# ACTIVITY:
Word for word, set down the lines from the one that holds "樱桃西红柿的宏观镜头以白色背景图片" through the final line of the listing below, and exclude every picture.

##########

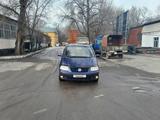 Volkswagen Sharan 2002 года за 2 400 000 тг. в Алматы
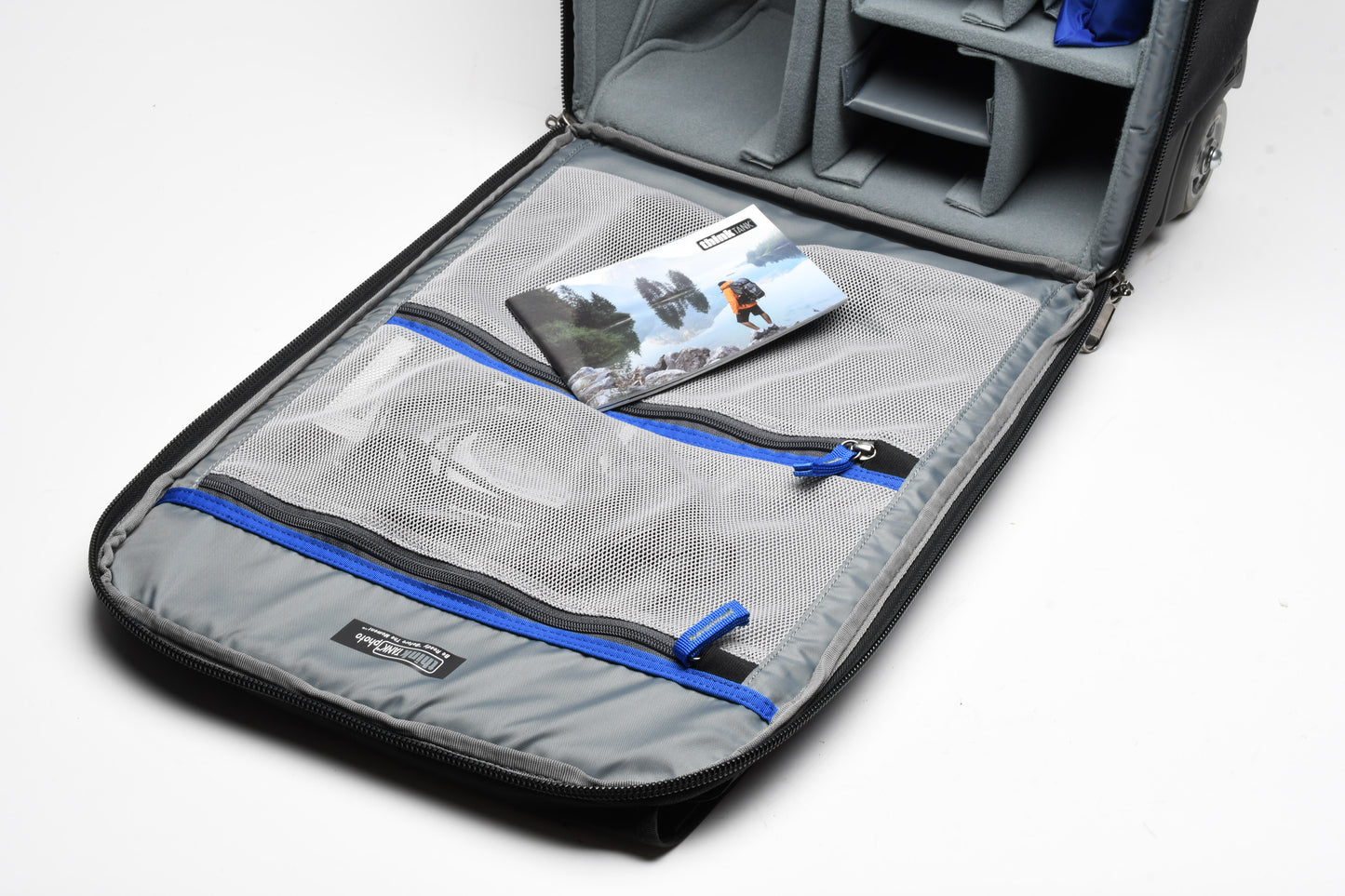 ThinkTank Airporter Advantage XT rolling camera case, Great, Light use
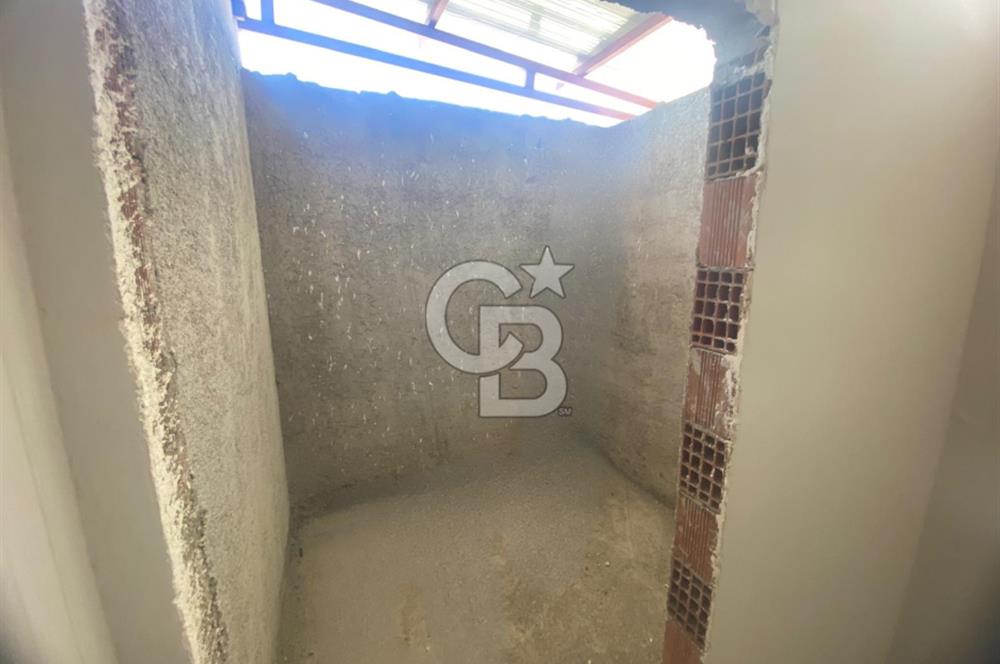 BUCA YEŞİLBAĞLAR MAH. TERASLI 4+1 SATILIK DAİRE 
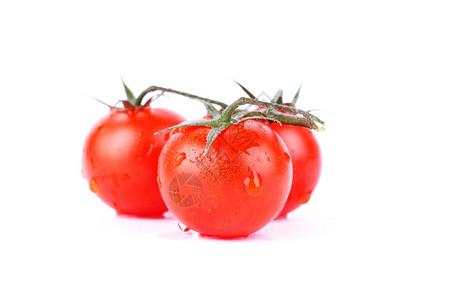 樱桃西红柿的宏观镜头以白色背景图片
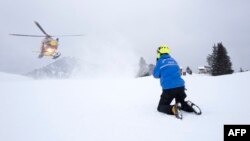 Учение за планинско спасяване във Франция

##########

# YOUR SOLUTION:
 樱桃西红柿的宏观镜头以白色背景图片
 Учение за планинско спасяване във Франция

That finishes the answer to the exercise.